Vanderbilt University.
York University, Toronto, ON, Canada.
J Cogn Neurosci. 2021 Dec 6;34(1):79-107. doi: 10.1162/jocn_a_01780.
Flexible learning of changing reward contingencies can be realized with different strategies. A fast learning strategy involves using working memory of recently rewarded objects to guide choices. A slower learning strategy uses prediction errors to gradually update value expectations to improve choices. How the fast and slow strategies work together in scenarios with real-world stimulus complexity is not well known.
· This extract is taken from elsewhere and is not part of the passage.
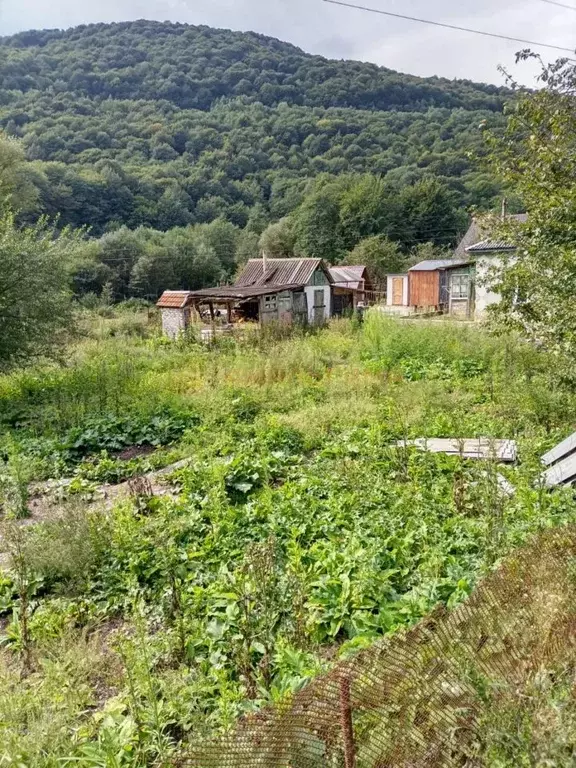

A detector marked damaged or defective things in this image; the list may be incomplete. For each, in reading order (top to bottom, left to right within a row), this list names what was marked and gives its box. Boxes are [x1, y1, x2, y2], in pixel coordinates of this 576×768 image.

rusty corrugated metal roof [234, 258, 328, 288]
rusty corrugated metal roof [156, 292, 195, 308]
Here, we aim to disentangle their relative contributions in rhesus monkeys while they learned the relevance of object features at variable attentional load. We found that learning behavior across six monkeys is consistently best predicted with a model combining (i) fast working memory and (ii) slower reinforcement learning from differently weighted positive and negative prediction errors as well as (iii) selective suppression of nonchosen feature values and (iv) a meta-learning mechanism that enhances exploration rates based on a memory trace of recent errors. The optimal model parameter settings suggest that these mechanisms cooperate differently at low and high attentional loads. Whereas working memory was essential for efficient learning at lower attentional loads, enhanced weighting of negative prediction errors and meta-learning were essential for efficient learning at higher attentional loads. Together, these findings pinpoint a canonical set of learning mechanisms and suggest how they may cooperate when subjects flexibly adjust to environments with variable real-world attentional demands.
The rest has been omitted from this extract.